Quel est le coût caché des licenciements ? Si licencier réduit les coûts à court terme, les impacts humains et culturels sont durables. Baisse de l’engagement, perte de confiance, hausse du turnover… Ces effets collatéraux sont souvent minimisés, voire ignorés, au profit des économies réalisées.
Pourtant, leur impact interroge la pertinence de cette stratégie dans un contexte où la performance repose avant tout sur la mobilisation des équipes. Alors, quelles conséquences un licenciement de masse génère-t-il vraiment sur les salariés qui restent ?
Les licenciements sont fréquemment envisagés sous un angle strictement financier. Les postes supprimés sont redistribués, les charges ajustées, et l’entreprise retrouve un rythme « normal ». Pourtant, les économies obtenues à court terme s’accompagnent de coûts indirects bien plus difficiles à absorber. Ces coûts invisibles ne figurent dans aucun tableau budgétaire, mais ce sont bien les collaborateurs qui les supportent. Pour eux, un plan de licenciement bouleverse le quotidien de travail, mais a aussi des effets à moyen et long terme.
Licenciement, quel impact sur l’engagement ?
Après une vague de licenciements, les salariés restants traversent une phase de perte de repères. Ils interrogent le sens de leur travail, leur place dans l’organisation et la valeur que l’entreprise accorde à leurs efforts. Résultat : l’engagement se délite progressivement.
Une étude publiée par la Harvard Business Review estime qu’il faut entre 18 et 24 mois pour retrouver un niveau d’engagement collaborateur comparable à celui d’avant-crise. Et ce, uniquement si de nouveaux salariés rejoignent l’organisation pendant cette période.
Même une culture d’entreprise historiquement forte n’immunise pas contre cet effet.
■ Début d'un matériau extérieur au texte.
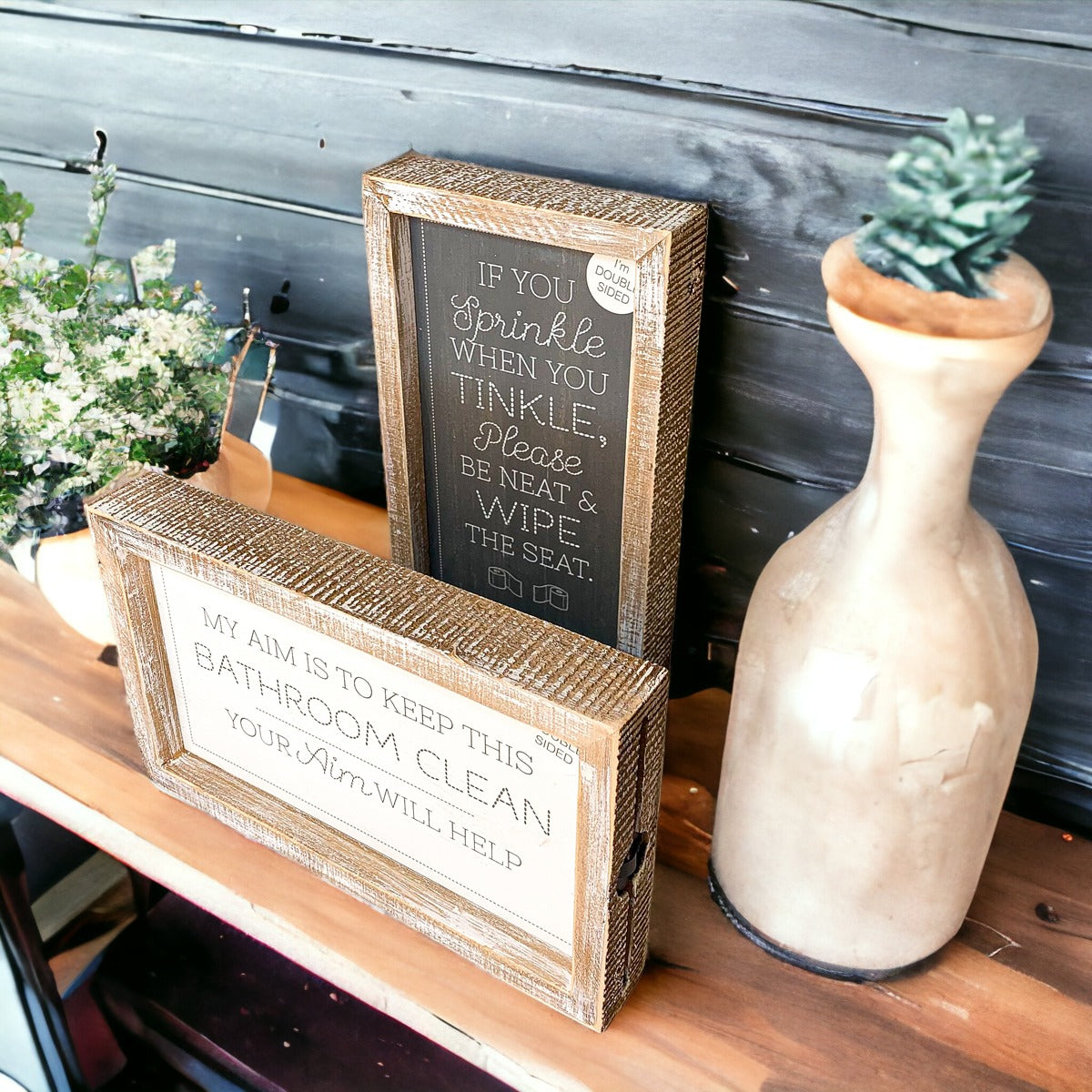 Aim + Sprinkle Tinkle double-sided bathroom sign with wooden frame, featuring humorous cleanliness messages.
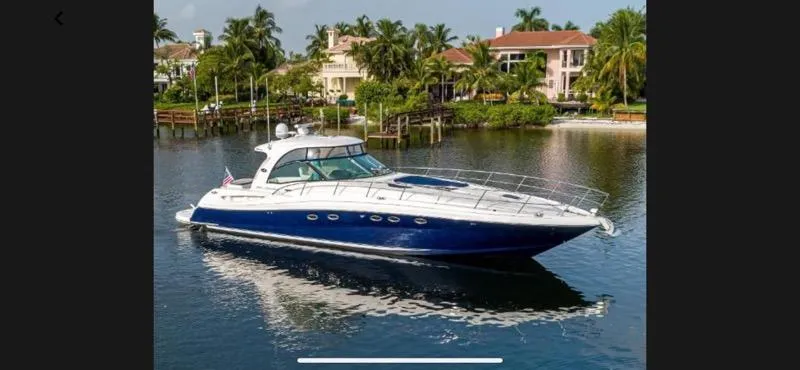 Slide: The Image of 2005 Sea Ray 500 Sundancer yacht cruising on a serene waterway near luxury homes. - 1
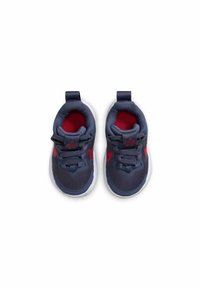 Zapatos deportivos en azul marino con un upper texturizado, detalles en rosa y suelas de goma. Presentan un diseño con cordones y una lengüeta para facilitar el calzado.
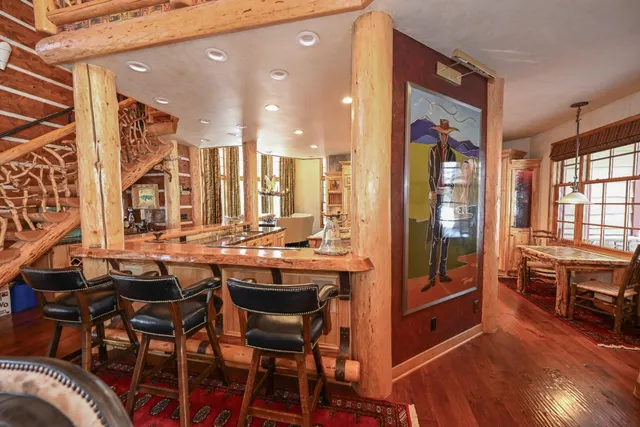 a view of a living room and floor to ceiling window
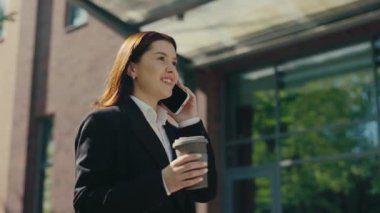Resmi takım elbiseli Kafkasyalı iş kadını iş merkezinin yakınına gidiyor ve elinde kahve bardağı olan müşterilerle telefonda konuşuyor. İnsanlar ve teknoloji kavramı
Plus l’attachement des salariés était grand, plus la perte de motivation est forte.
Méfiance, cynisme, démotivation… à la fatigue émotionnelle s’ajoute la surcharge de travail générée par l’absorption des missions laissées vacantes. Ce climat fragilise la confiance collective et peut créer une forme de désengagement silencieux, difficile à mesurer mais aux effets réels sur la productivité.
Zoom sur le syndrome du survivant
« Pourquoi moi ? », « Suis-je le prochain ? » : ces interrogations traversent l’esprit de nombreux salariés après un plan social. Ce phénomène, apparenté au syndrome du survivant, traduit la culpabilité ou l’anxiété ressenties par ceux qui restent.
Mis en évidence par les études menées sur les survivants de la Shoah, cet état psychologique fait aussi partie intégrante du domaine de la psychologie du travail et des organisations, où il est largement documenté. Ainsi, transposé au monde du travail, il désigne un mélange d’émotions contradictoires : sentiment d’injustice, peur, mais aussi parfois une culpabilité accrue. Dans certains cas, un accompagnement psychologique s’avère nécessaire.
Quelles conséquences sur la fidélisation ?
Les collaborateurs qui restent, fragilisés par l’incertitude, n’ont plus la même confiance dans la stabilité de leur entreprise. De fait, les départs contraints entraînent souvent des départs volontaires, par opportunité ou par anticipation. Une récente enquête estime qu’une réduction de seulement 1 % de l’effectif peut se traduire par une augmentation de 31 % du turnover volontaire parmi les salariés restants.
Au-delà du coût financier du recrutement et de la formation de nouveaux salariés, cette dynamique fragilise la transmission des savoirs et la cohésion des équipes.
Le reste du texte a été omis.